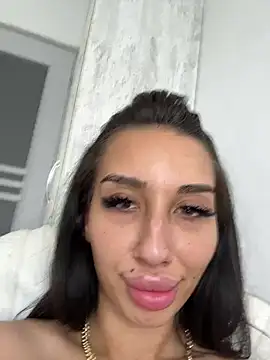 BlueEyes_BB Adlı Modelin Canlı XXX Sohbeti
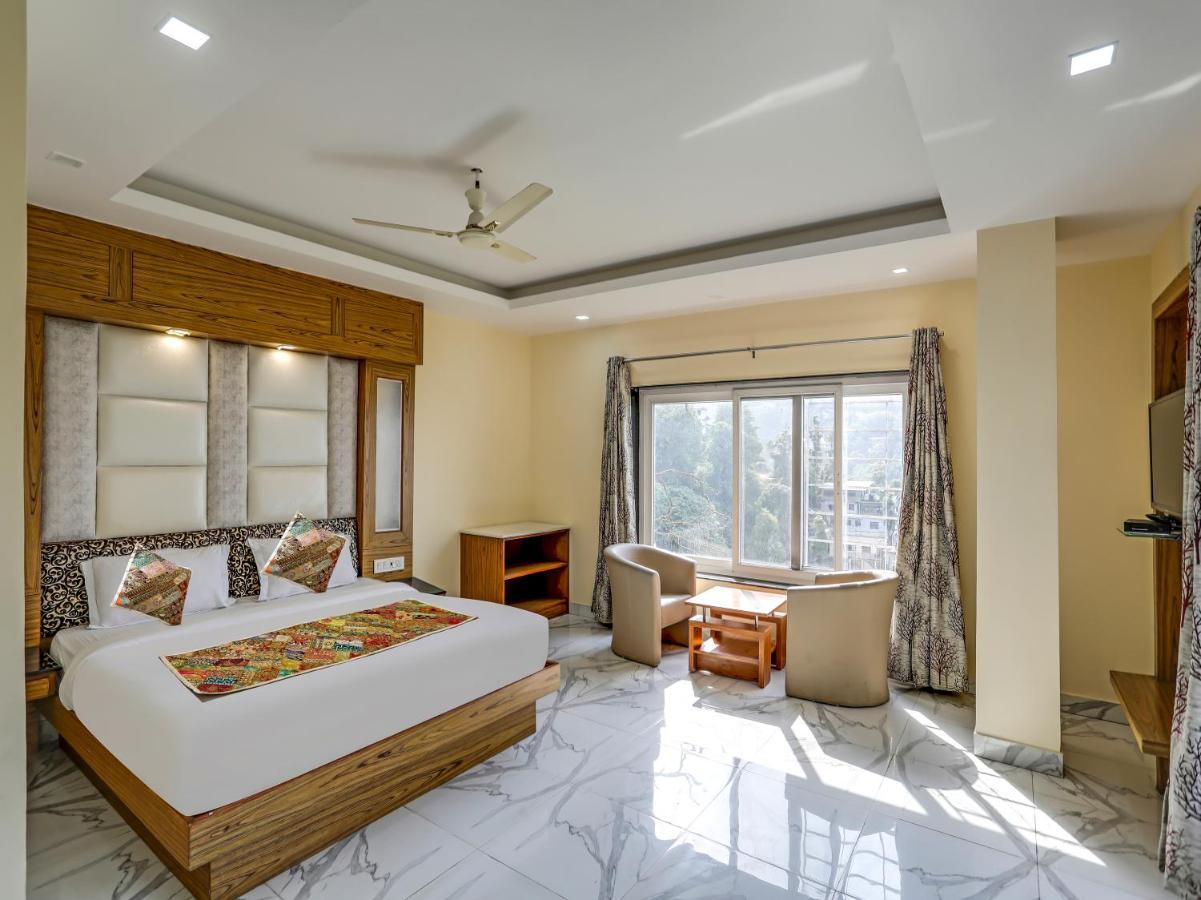 Hotel Woods View Масурі Екстер'єр фото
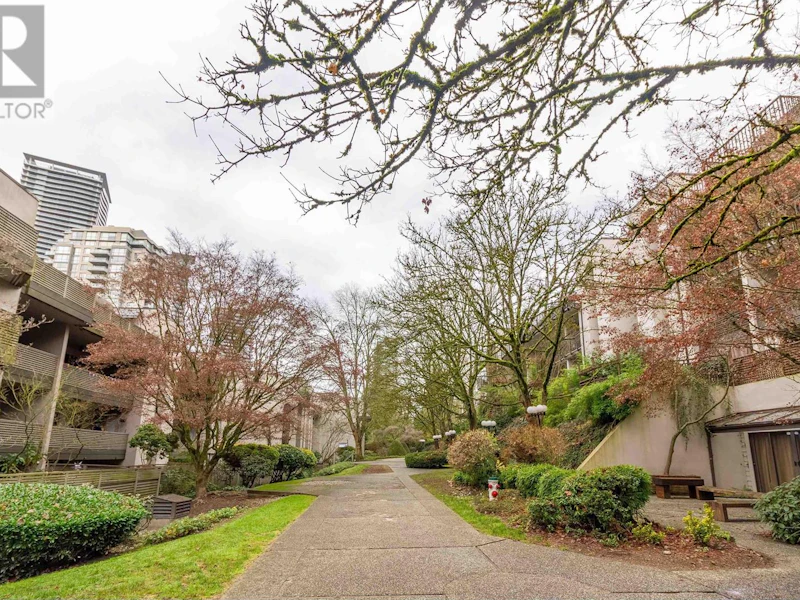 220 - 1945 Woodway Place, Burnaby BC V5B 4S4
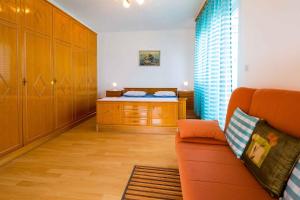 Two-Bedroom Apartment in Crikvenica XVI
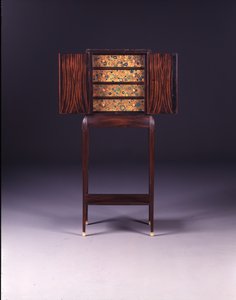 Cabinet à bijoux, c.1925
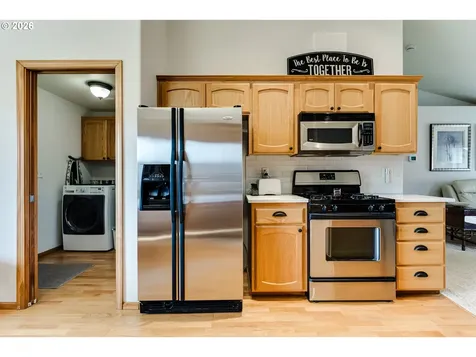 28 Sandalwood Loop Creswell OR 97426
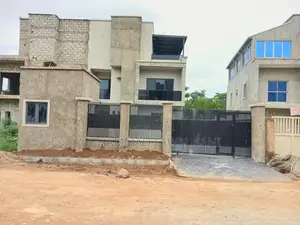 4bdrm Duplex in Ochacho Estate, Life Camp for sale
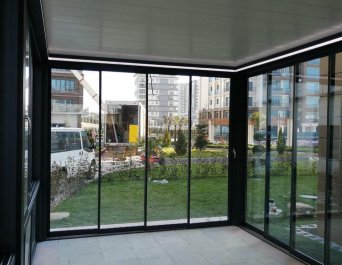 Tensa Hareketli Cam Sistemleri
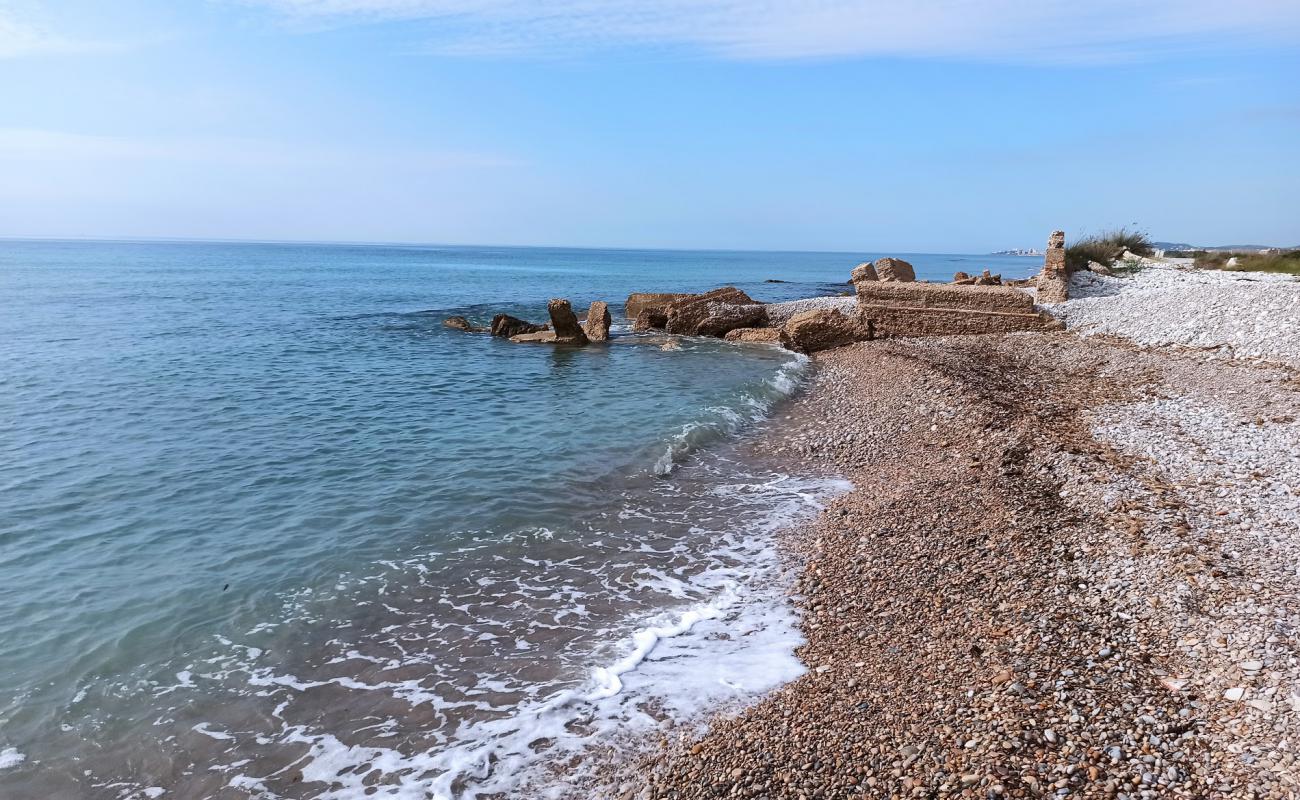 Foto af Playa de Cudola med grå sten overflade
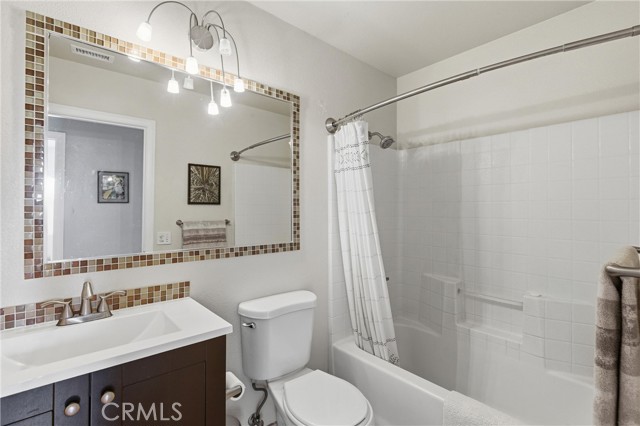 Detail Gallery Image 13 of 24 For 58193 Campanula, Yucca Valley,  CA 92284 - 3 Beds | 2 Baths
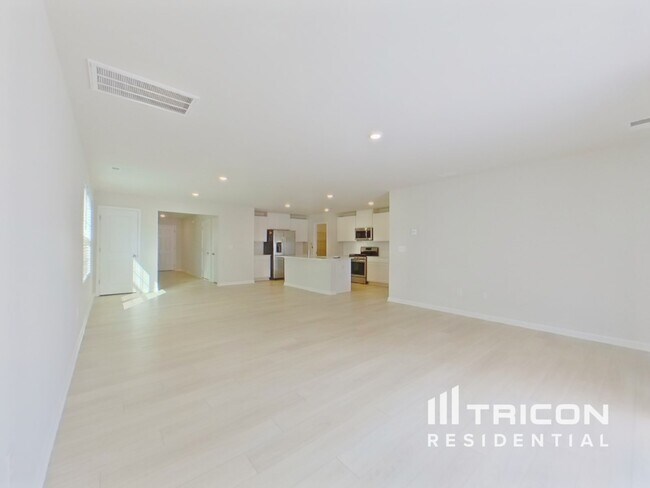 Foto del edificio - 4058 Rustling Grass Trl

◆ To do: Repeat each record exactly, with the pictures left out.

◆ Solution to the problem:
 BlueEyes_BB Adlı Modelin Canlı XXX Sohbeti
 Hotel Woods View Масурі Екстер'єр фото
 220 - 1945 Woodway Place, Burnaby BC V5B 4S4
 Two-Bedroom Apartment in Crikvenica XVI
 Cabinet à bijoux, c.1925
 28 Sandalwood Loop Creswell OR 97426
 4bdrm Duplex in Ochacho Estate, Life Camp for sale
 Tensa Hareketli Cam Sistemleri
 Foto af Playa de Cudola med grå sten overflade
 Detail Gallery Image 13 of 24 For 58193 Campanula, Yucca Valley,  CA 92284 - 3 Beds | 2 Baths
 Foto del edificio - 4058 Rustling Grass Trl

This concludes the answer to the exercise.